Aim of the task - Leaving out the pictures, print exactly the lines from the one holding "龟科化石 旧石器时代 道县玉蟾岩遗址出土" to the last line of the entries below, both included, and nothing more.
§ §
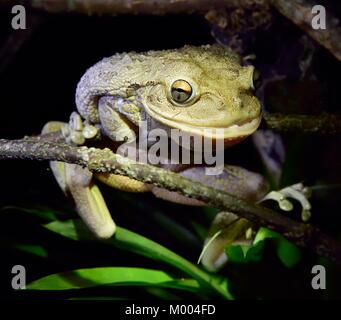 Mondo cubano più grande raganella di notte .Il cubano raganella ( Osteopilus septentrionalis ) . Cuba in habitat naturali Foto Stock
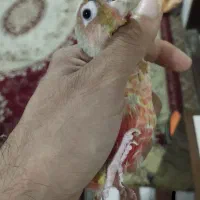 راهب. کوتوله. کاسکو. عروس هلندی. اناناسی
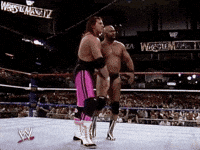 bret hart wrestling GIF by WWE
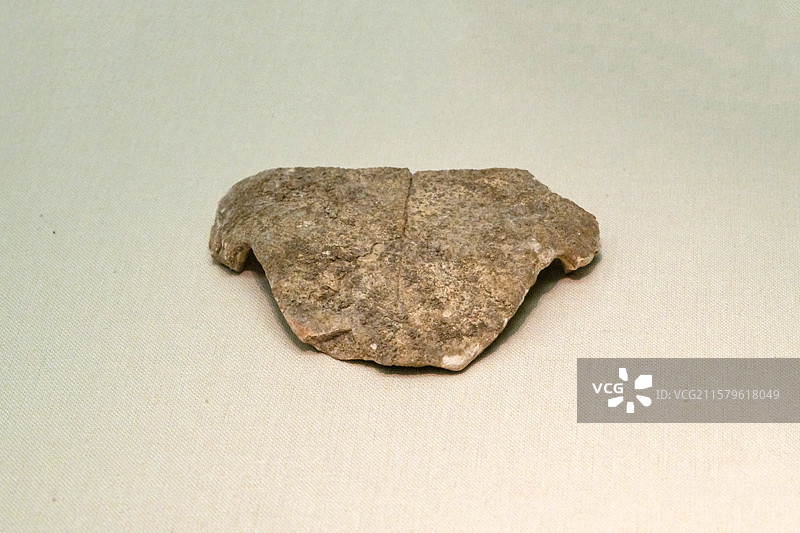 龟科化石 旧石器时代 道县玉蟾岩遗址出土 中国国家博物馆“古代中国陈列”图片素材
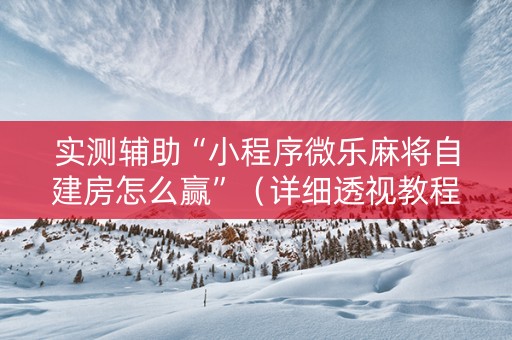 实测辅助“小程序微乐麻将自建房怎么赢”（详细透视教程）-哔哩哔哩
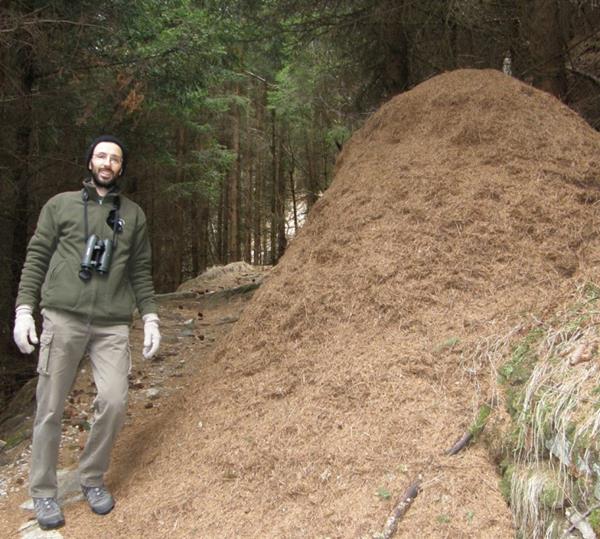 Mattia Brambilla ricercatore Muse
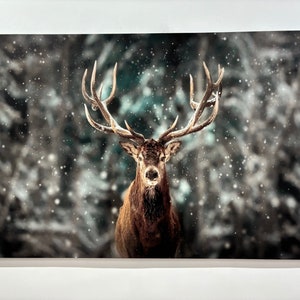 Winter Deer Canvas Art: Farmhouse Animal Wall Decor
§ §
Result of the task -
 龟科化石 旧石器时代 道县玉蟾岩遗址出土 中国国家博物馆“古代中国陈列”图片素材
 实测辅助“小程序微乐麻将自建房怎么赢”（详细透视教程）-哔哩哔哩
 Mattia Brambilla ricercatore Muse
 Winter Deer Canvas Art: Farmhouse Animal Wall Decor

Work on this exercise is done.